Pasuruan, NU Online Jatim

Pengurus Cabang (PC) Lembaga Takmir Masjid Nahdlatul Ulama (LTMNU) Kabupaten Pasuruan, Bakhrul Ulum berhasil meraih gelar Doktor. Hal itu usai mempertahankan disertasinya yang mengulas hukum perkawinan Muslim Tengger. Sidang dipusatkan di Ruang 1 Lantai III Gedung Twin Tower Universitas Islam Negeri Sunan Ampel (UINSA) Surabaya, Kamis (12/01/2023).

Pada sidang promosi doktor Program Studi Hukum Islam itu, ia mengangkat judul “Interlegalitas Hukum Perkawinan Masyarakat Muslim Tengger”. Riset itu dilakukan di desa-desa komunitas Suku Tengger di Kabupaten Pasuruan, yaitu di Kecamatan Tosari, Kecamatan Tutur, dan Kecamatan Puspo.

“Penelitian ini melihat pluralisme hukum di Indonesia yang berhubungan dengan interlegalitas perkawinan masyarakat Muslim di Tengger.

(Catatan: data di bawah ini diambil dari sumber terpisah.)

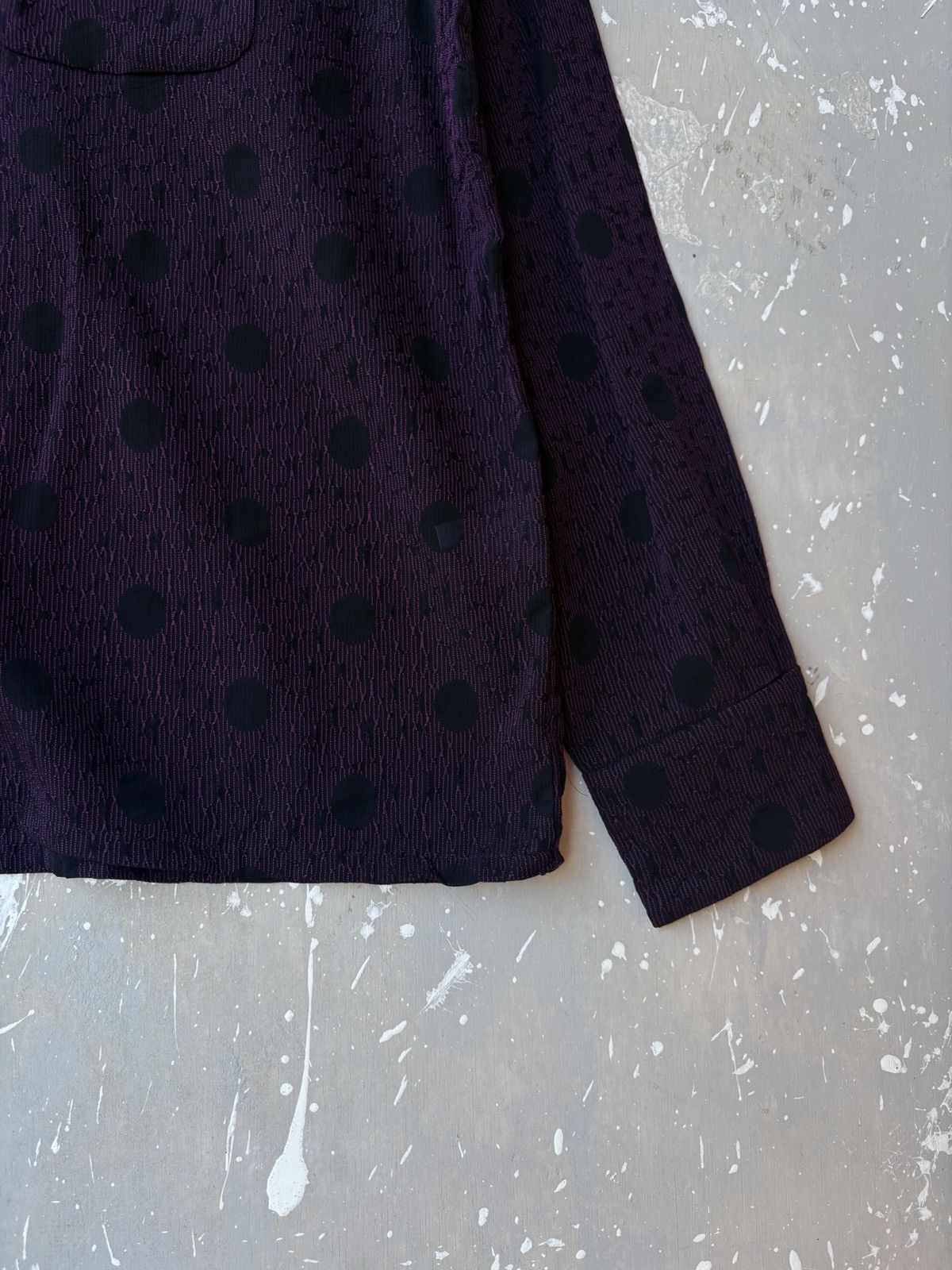 Needles Authentic Needles Polka Dot Jacquard Shirt Purple Cupra Line Size US M / EU 48-50 / 2 - 5 Thumbnail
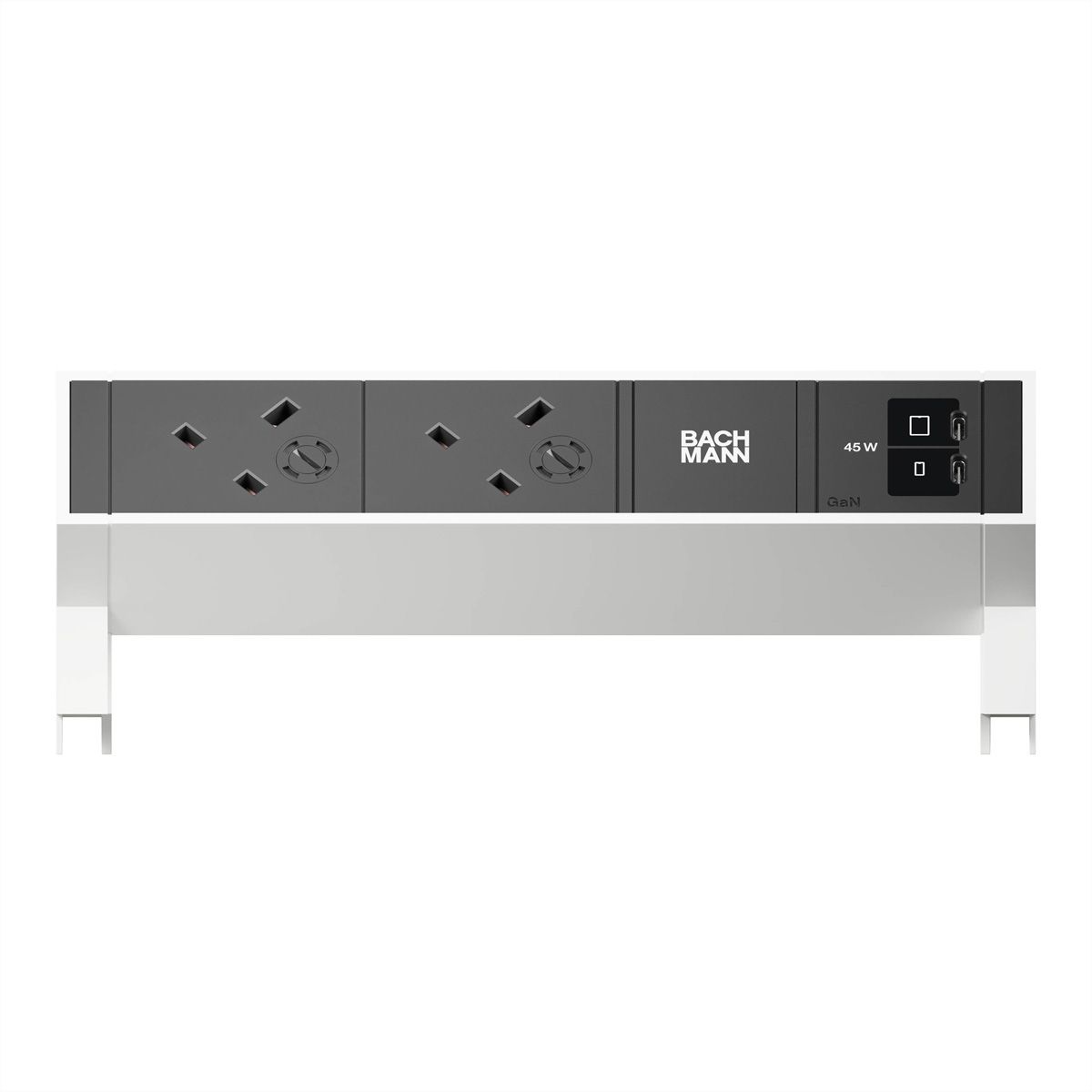 BACHMANN DESK2 2xUK 1xUSB C/C 45W, L=0,2m RAL9010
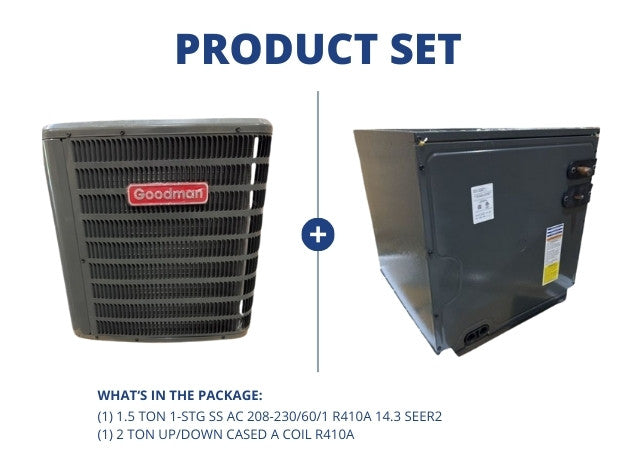 1.5 Ton 1-Stg SS Air Conditioner 208-230/60/1 R410A 14.3 SEER2 with 2 Ton Up/Down Cased A Coil R410A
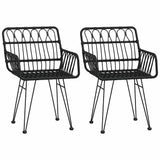 Vidaxl tuinstoelen 2 st met armleuning 56x64x80 cm pe-rattan zwart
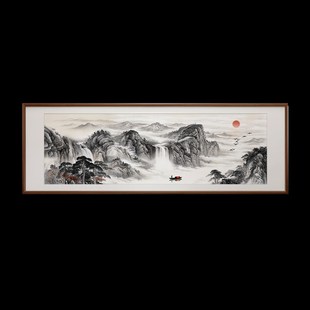 迎客松挂画新中式入户玄关客厅茶室装饰画横版风景山水画客厅壁画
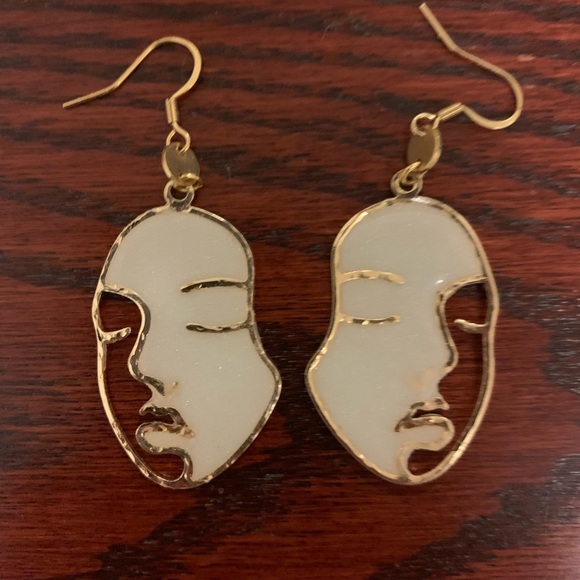 Gold and enamel face drop earrings - Picture 2 of 2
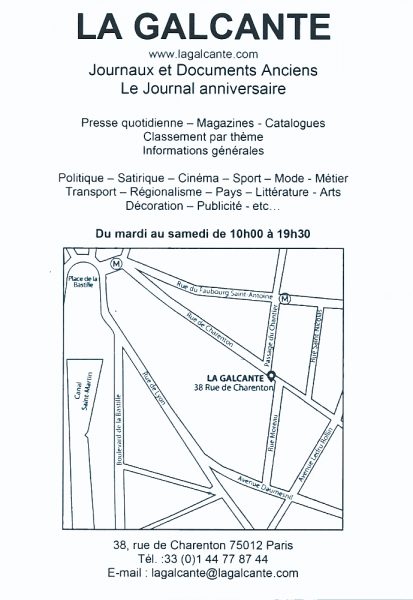 La galcante, le plan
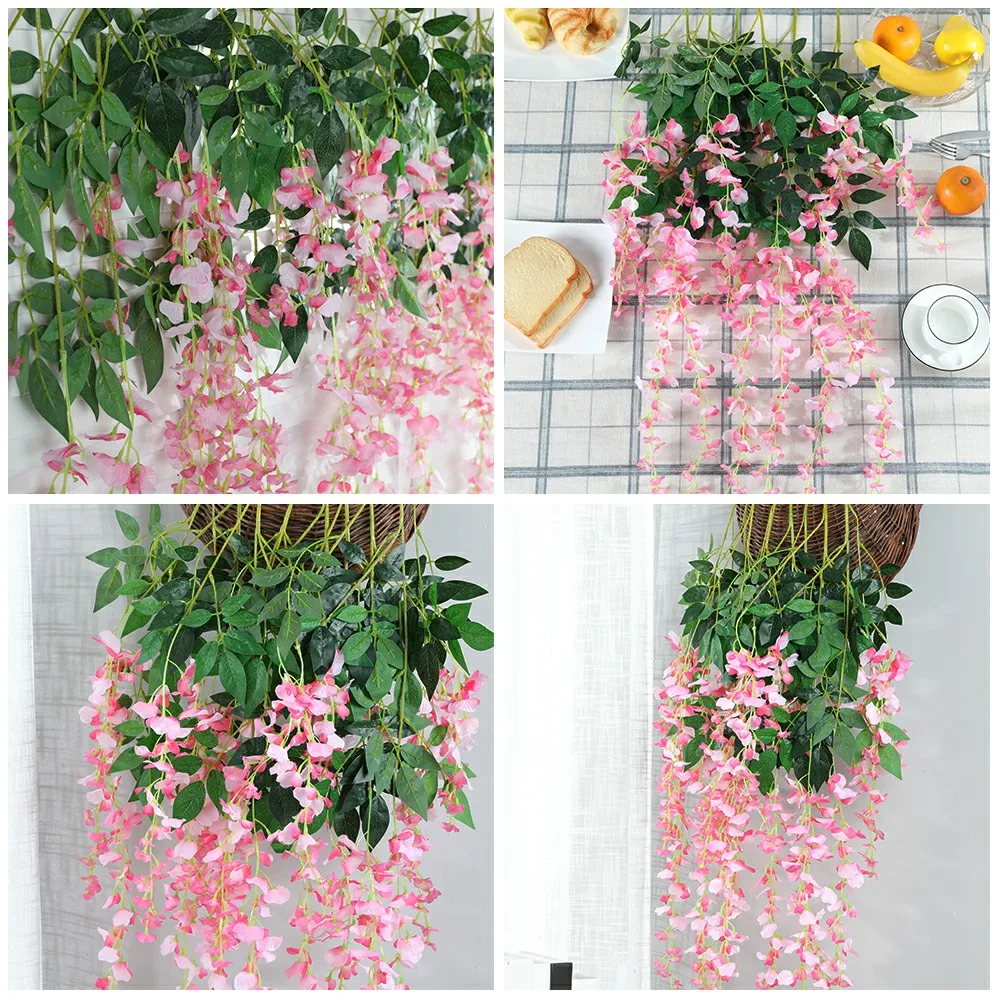 Luyue 12pcs/lot Wedding Decor Artificial Silk Wisteria Flower Vines hanging Rattan Bride flowers Garland For Home Garden Hotel Luyue 12pcs/lot Wedding Decor Artificial Silk Wisteria Flower Vines hanging Rattan Bride flowers Garland For Home Garden Hotel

Dengan memahami keragaman hukum, praktik, proses, dan kekuasaan, sebagai fenomena yang dialami individu atau komunitas,” ujarnya kepada NU Online Jatim, Kamis (12/1/2023).

Dirinya menjelaskan, adanya pluralisme hukum perkawinan pada masyarakat Tengger merujuk pada eksistensi beberapa sistem hukum yang diakui dan dihormati oleh masyarakat Tengger. Yakni, hukum adat, hukum agama, dan hukum negara.

“Praktek Walagara merupakan bukti berlakunya hukum adat yang merupakan warisan nenek moyang yang terus dilestarikan masyarakat Tengger hingga kini. Di samping hukum adat, masyarakat Tengger juga menghormati hukum agama yang dianut oleh pasangan yang menikah. Demikian juga hukum negara, yang diatur dalam Undang-Undang Nomor 1 Tahun 1974 tentang perkawinan,” tegasnya.

Pria yang juga Kepala Seksi Bimbingan Masyarakat Islam Kementerian Agama (Kemenag) Kabupaten Pasuruan itu menyebutkan, masyarakat Tengger sangat menerima hukum Islam dan hukum negara sebagai bagian dari keniscayaan.

“Sehingga berdampak kepada interlegalitas hukum negara, hukum Islam, dan hukum adat yang saling berinteraksi, melengkapi, membaur, dan negosiasi,” ucap mantan aktivis Ikatan Pelajar Nahdlatul Ulama (IPNU) Kecamatan Rejoso itu.

Disebutkan, realitas praktik perkawinan masyarakat Muslim Tengger menjadi fakta atas pluralisme hukum karena respons kiai lokal, dukun pandhitan, dan pemerintah menghendaki proses perkawinan tersebut tanpa harus dipertentangkan.

“Semua pihak menghendaki proses perkawinan tersebut tanpa harus dipertentangkan, melainkan pemeliharaan interlegalitas, kearifan lokal, dan pluralisme hukum,” pungkasnya.